Een kreet ontsnapte aan de vorstin. Zij rees op: zij knarste; haar pracht en praal schuurden over elkander heen, en zij schitterde zoo, dat zij Psyche verblindde.

— Ellendige Psyche! riep zij uit. Ja, ik herken je! Gehaat heb ik je altijd, gehaat als ik haat al wat zacht is, als ik duiven haat, kinderen, bloemen!

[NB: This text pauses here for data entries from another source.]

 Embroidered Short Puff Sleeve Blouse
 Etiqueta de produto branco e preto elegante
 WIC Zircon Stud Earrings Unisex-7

Bedrogen heb je me dus, indringster! Juweelen breng je me niet!

Psyche knielde neêr en toonde haar handjes open.

— Emeralda, ik bewijs je de hulde, die ik eens verzuimde te doen. Ik bied je topaas en robijn en zwart— purperen karbonkel. Ik kniel in deemoed voor je neêr, ik bied je mijne tranen, die stolden tot steen, en ik vraag je ootmoedig: straf mij en leg mij boete op.. Zie, verloren heb ik mijn vleugels. Naakt mag ik niet meer gaan. Zonde heb ik bedreven. Emeralda, leg mij boete op! Leg mij op de zwaarste, die je verzinnen kunt. Als ik ze doen kan, zal ik ze doen. Leg zware taak op mijn vleugellooze schouders.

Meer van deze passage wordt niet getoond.